** WORK INSTRUCTION **
Before copying, remove every picture, and then repeat all entries below precisely as written.
▼
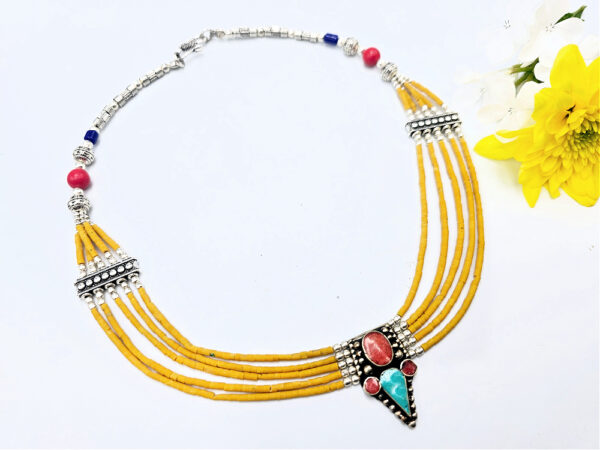 Tibetan Choker Necklace Layered Yellow
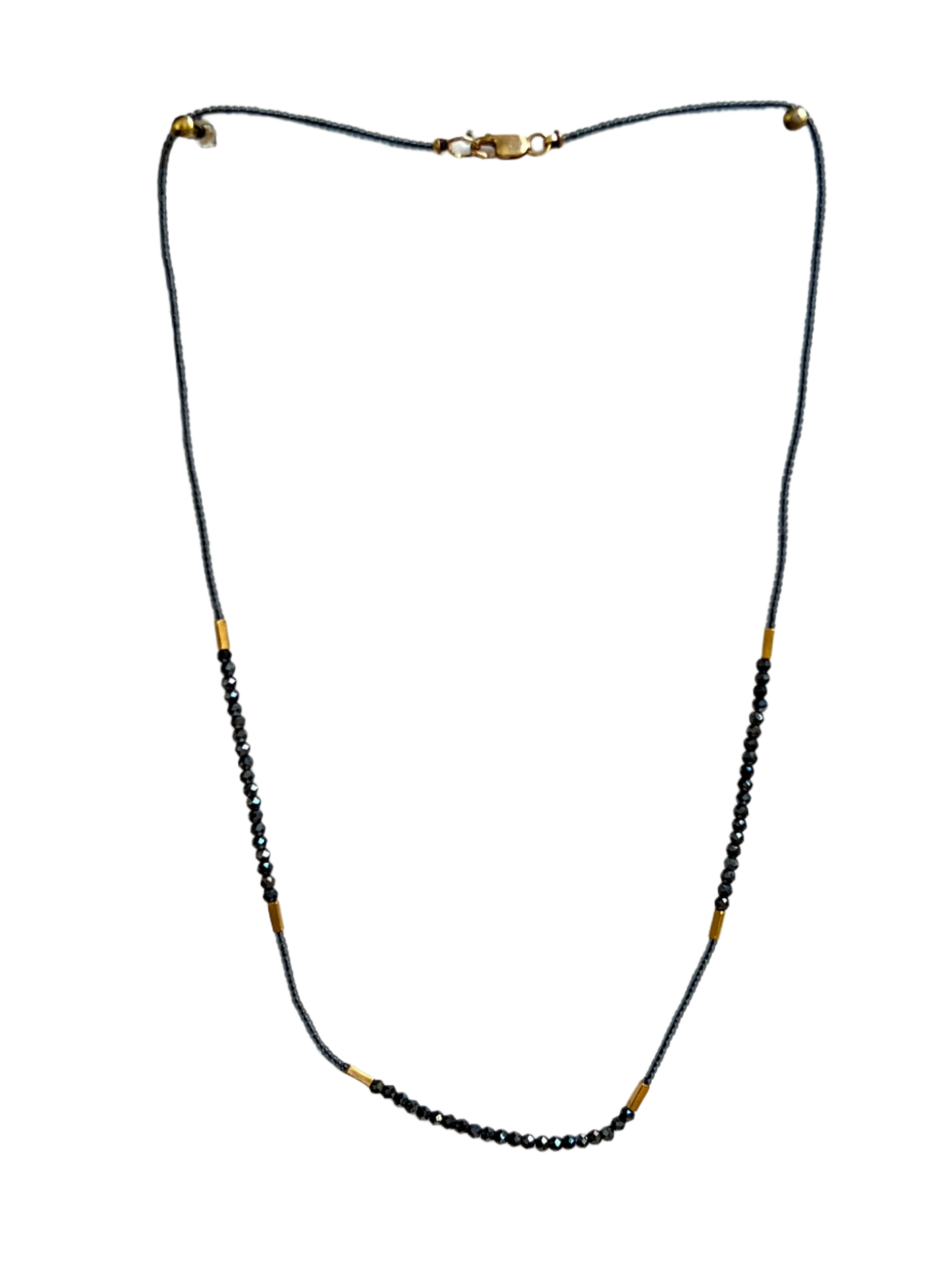 DEBBIE FISHER | Grey Seed, Gold Vermeil and Black Spinel Beads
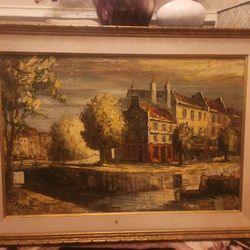 Oil Painting On Canvas In Wooden Frame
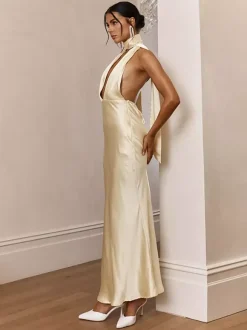 Satin Halter Maxi Dress For Women - Elegant Backless Deep V Neck Mermaid Gown With Scarf - Summer Wedding Guest 2026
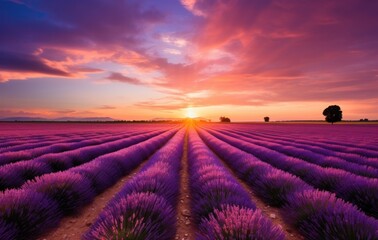 new lavender field at sunset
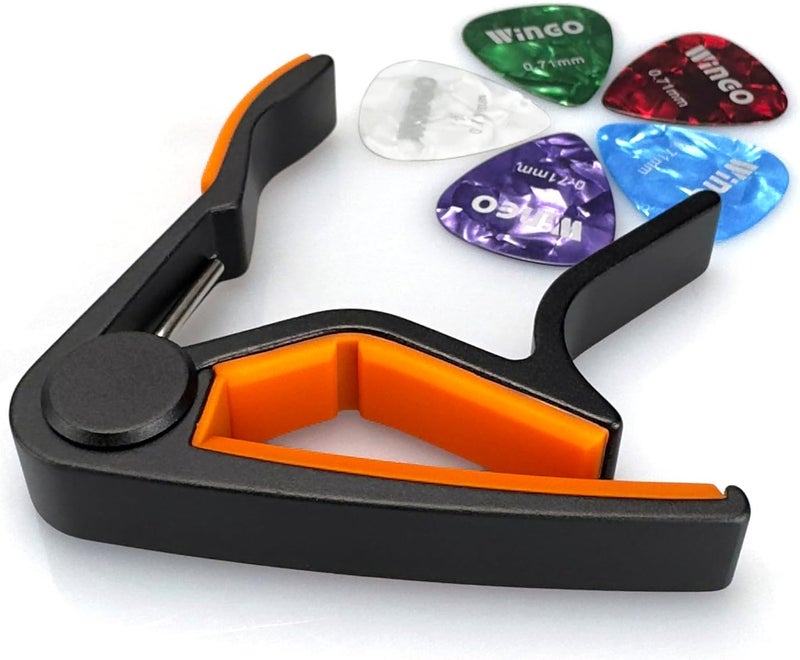Wingo Guitar Capo for Acoustic and Electric Guitars with 5 Picks for Free, Black with Orange Rubber. - Image 3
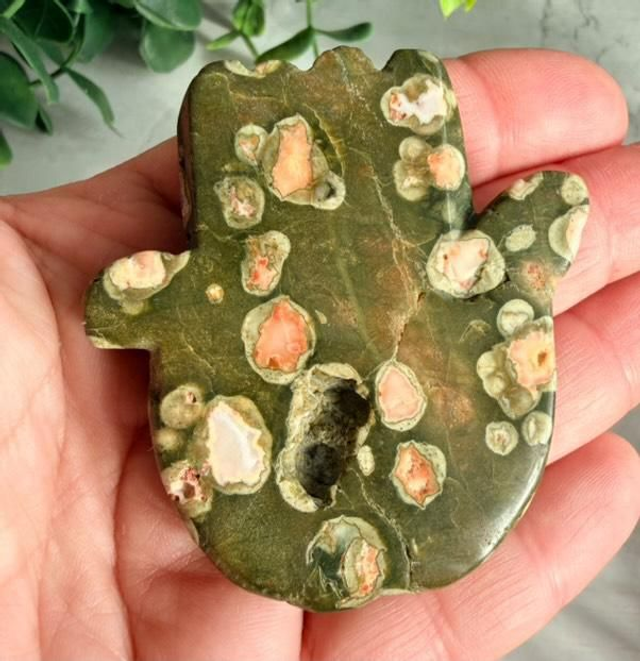 Rainforest Jasper Hamsa Hand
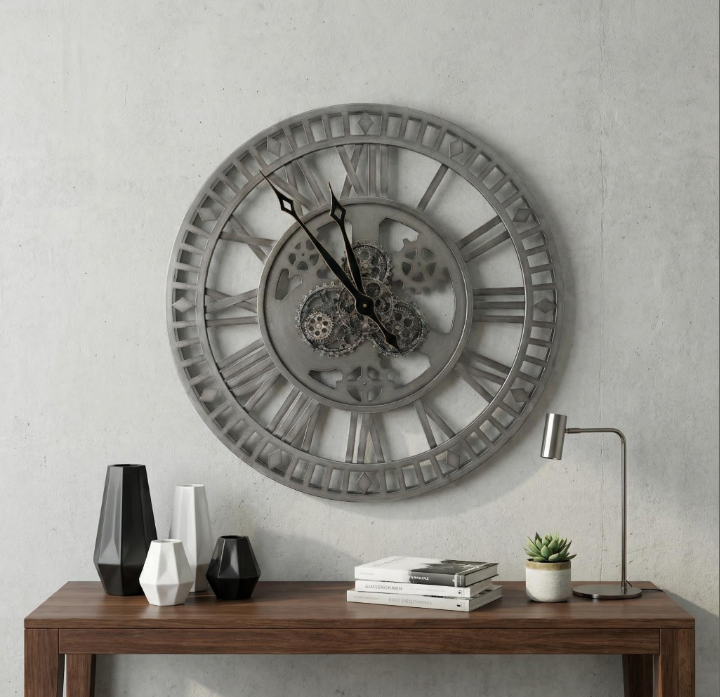 The silver chronometer clock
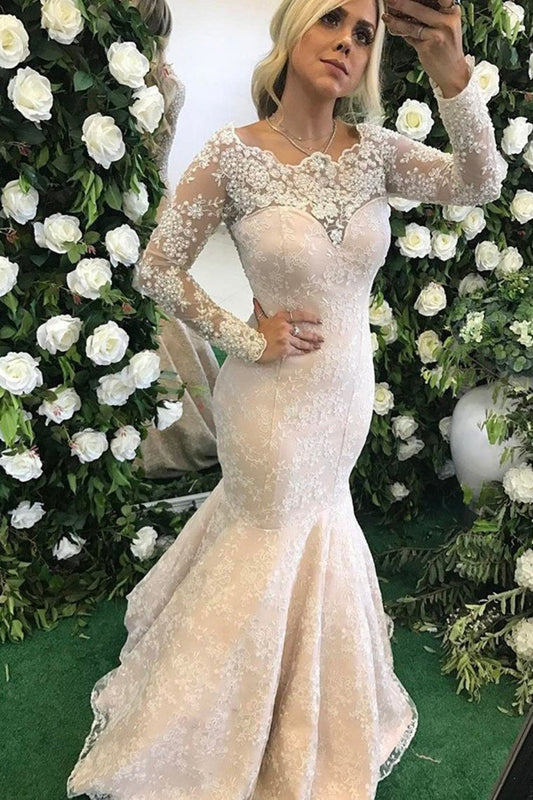 2024 Long Sleeves Scoop Mother Of The Bride Dresses Mermaid Lace With Applique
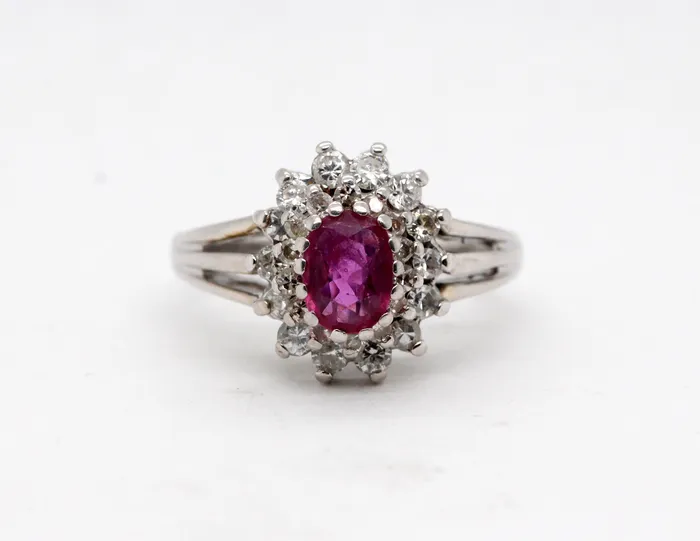 Rings FULLERS PURCHASE FROM PUBLIC Estate 14KW .85 Ct Pink Spinel and Diamond Ring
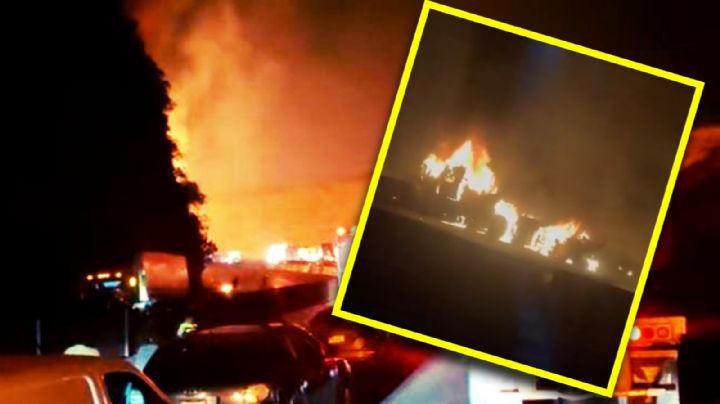 Se registra incendio y explosión de pipa de gas en la autopista México-Querétaro | VIDEO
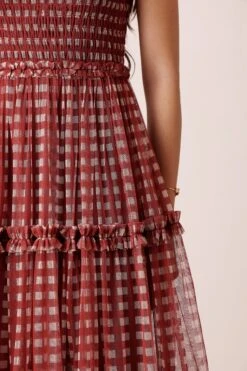 Mhairi Maxi Dress In Burgundy Plaid 10 Mhairi Maxi Dress In Burgundy Plaid -Laceand Beads MhairiPlaidBurgundyMaxi 1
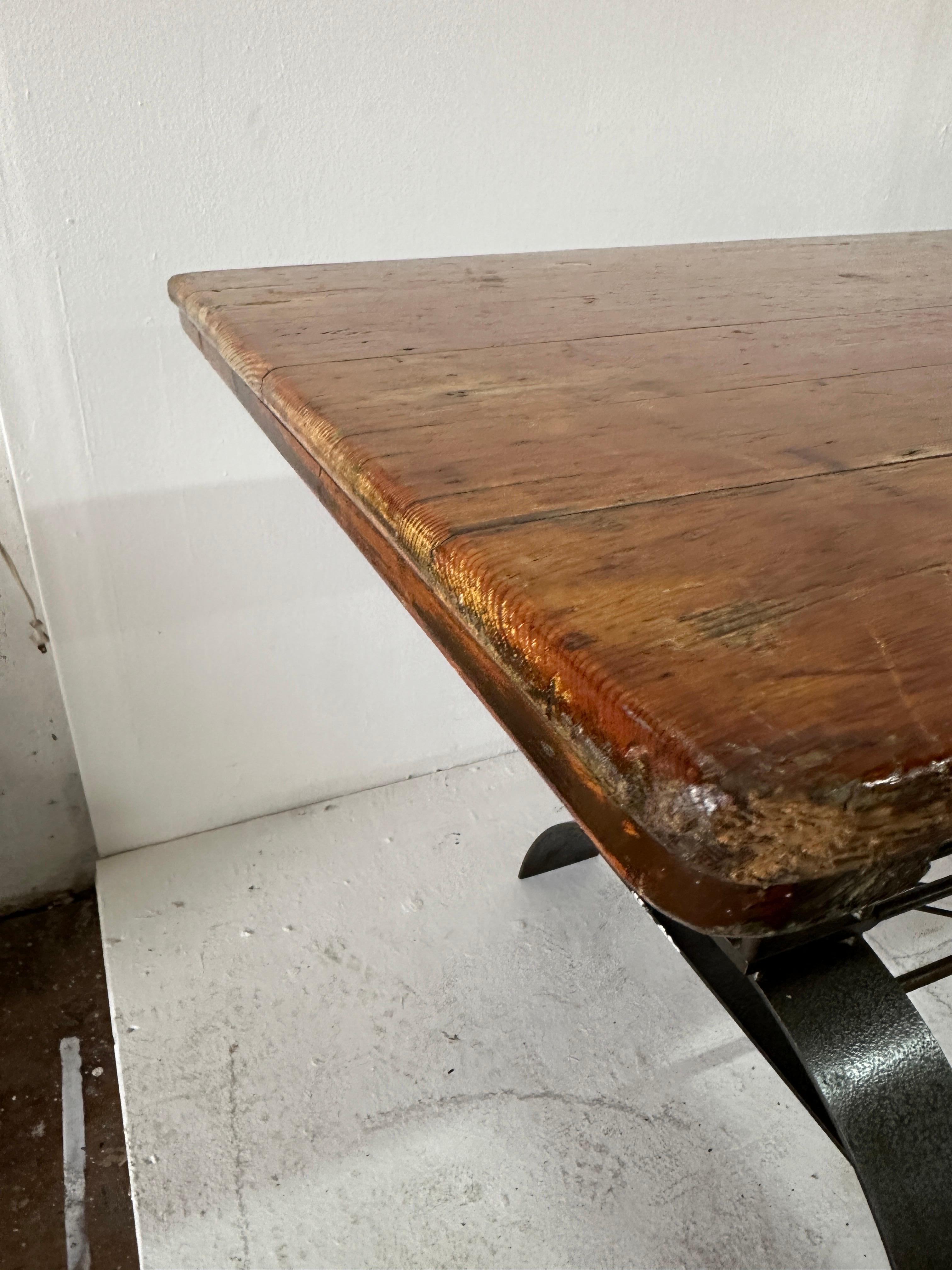 Extra Long French Architectural Iron Base Table w/ Distressed Wood Top For Sale 8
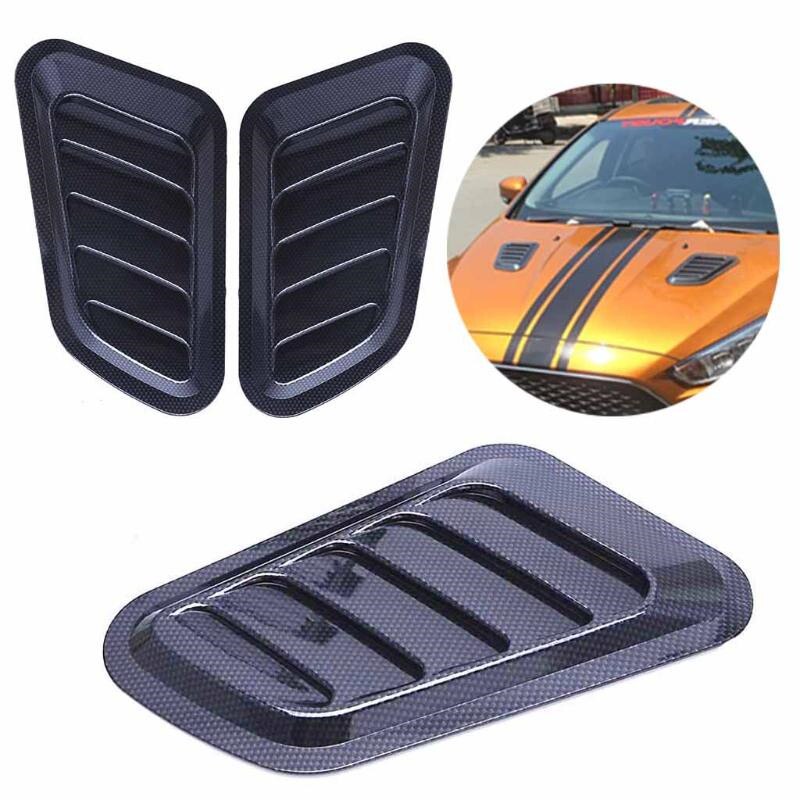 Car Air Flow Vent Intake Hood Scoop Stickers Auto Bonnet Cover Fender Sticker Black/ Carbon Fiber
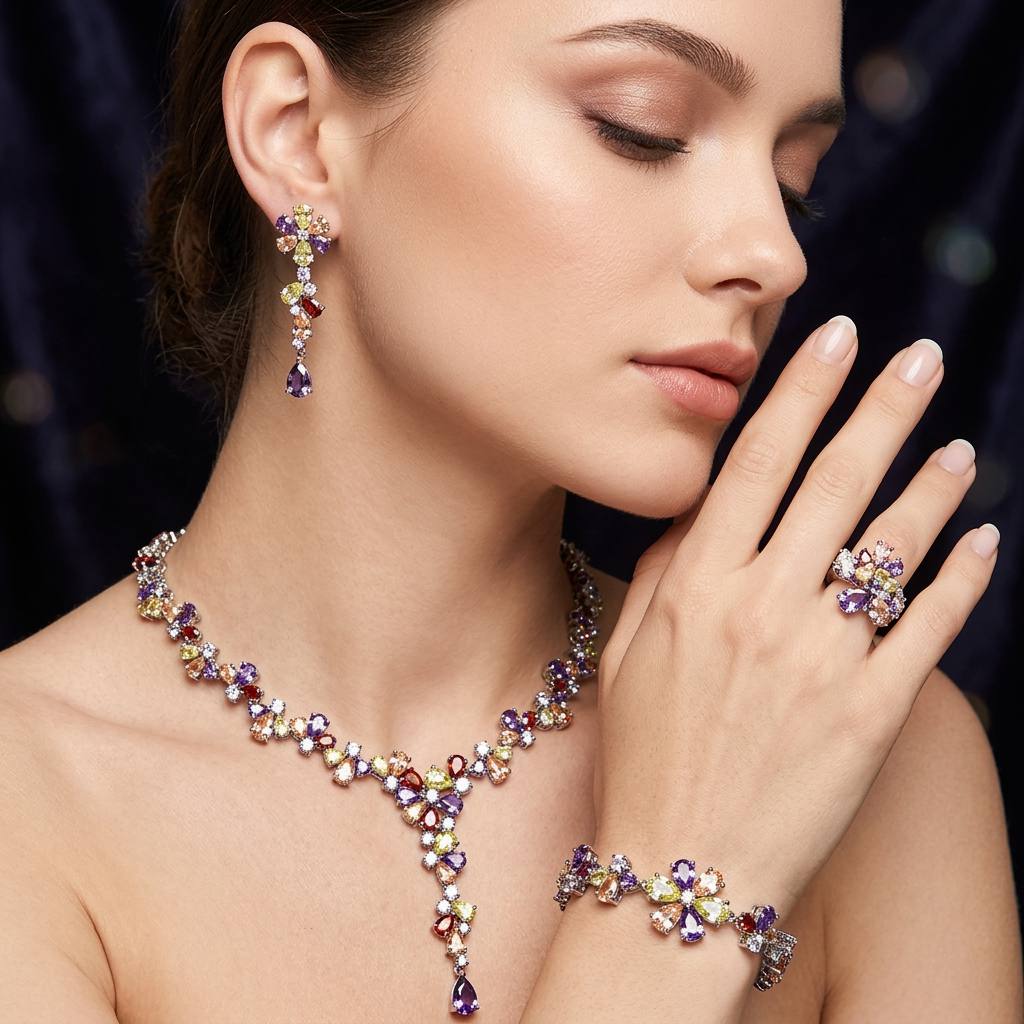 Omnia Aziza Bridal Full Set in High Quality Simulated Diamonds Premium Rhodium Plated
▲
** EXERCISE RESPONSE **
 Tibetan Choker Necklace Layered Yellow
 DEBBIE FISHER | Grey Seed, Gold Vermeil and Black Spinel Beads
 Oil Painting On Canvas In Wooden Frame
 Satin Halter Maxi Dress For Women - Elegant Backless Deep V Neck Mermaid Gown With Scarf - Summer Wedding Guest 2026
 new lavender field at sunset
Wingo Guitar Capo for Acoustic and Electric Guitars with 5 Picks for Free, Black with Orange Rubber. - Image 3
 Rainforest Jasper Hamsa Hand
 The silver chronometer clock
 2024 Long Sleeves Scoop Mother Of The Bride Dresses Mermaid Lace With Applique
 Rings FULLERS PURCHASE FROM PUBLIC Estate 14KW .85 Ct Pink Spinel and Diamond Ring
 Se registra incendio y explosión de pipa de gas en la autopista México-Querétaro | VIDEO
 Mhairi Maxi Dress In Burgundy Plaid 10 Mhairi Maxi Dress In Burgundy Plaid -Laceand Beads MhairiPlaidBurgundyMaxi 1
 Extra Long French Architectural Iron Base Table w/ Distressed Wood Top For Sale 8
 Car Air Flow Vent Intake Hood Scoop Stickers Auto Bonnet Cover Fender Sticker Black/ Carbon Fiber
 Omnia Aziza Bridal Full Set in High Quality Simulated Diamonds Premium Rhodium Plated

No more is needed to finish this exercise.